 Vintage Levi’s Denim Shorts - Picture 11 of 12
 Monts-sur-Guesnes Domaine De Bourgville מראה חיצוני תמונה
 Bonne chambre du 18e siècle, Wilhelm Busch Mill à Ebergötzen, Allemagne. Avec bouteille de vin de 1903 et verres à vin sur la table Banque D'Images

· · ·

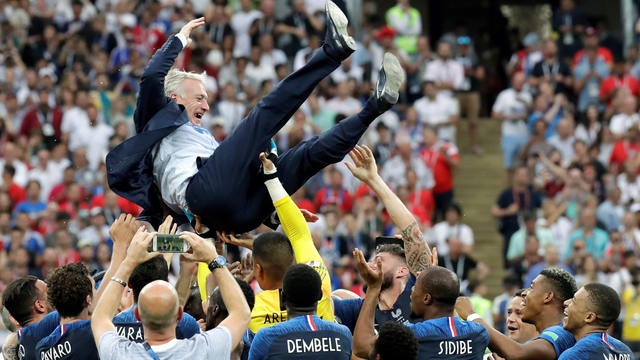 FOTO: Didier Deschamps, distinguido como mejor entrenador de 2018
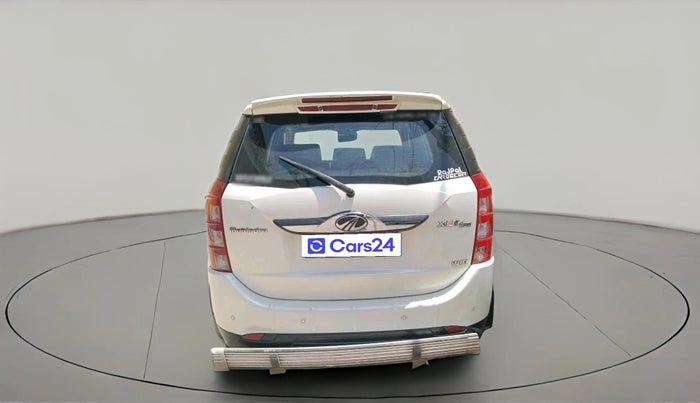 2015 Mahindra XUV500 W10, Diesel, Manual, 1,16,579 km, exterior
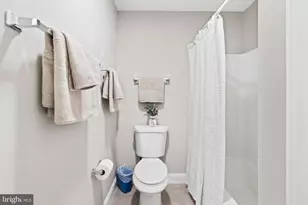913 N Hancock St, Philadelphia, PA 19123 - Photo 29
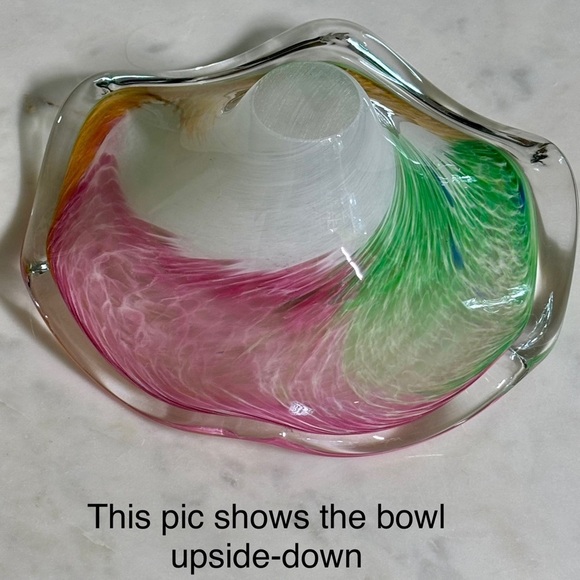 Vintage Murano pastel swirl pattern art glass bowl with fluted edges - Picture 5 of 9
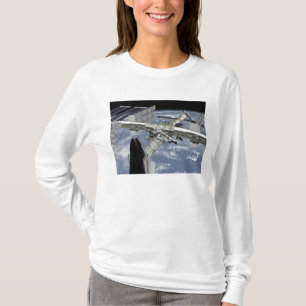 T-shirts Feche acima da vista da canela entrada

· · ·

■ **PROBLEM TO SOLVE**:
Retype exactly, and only, the lines above from the one where "Vintage Levi’s Denim" occurs up to and including the one where "Bonne chambre du" occurs.

■ **EXERCISE OUTPUT**:
 Vintage Levi’s Denim Shorts - Picture 11 of 12
 Monts-sur-Guesnes Domaine De Bourgville מראה חיצוני תמונה
 Bonne chambre du 18e siècle, Wilhelm Busch Mill à Ebergötzen, Allemagne. Avec bouteille de vin de 1903 et verres à vin sur la table Banque D'Images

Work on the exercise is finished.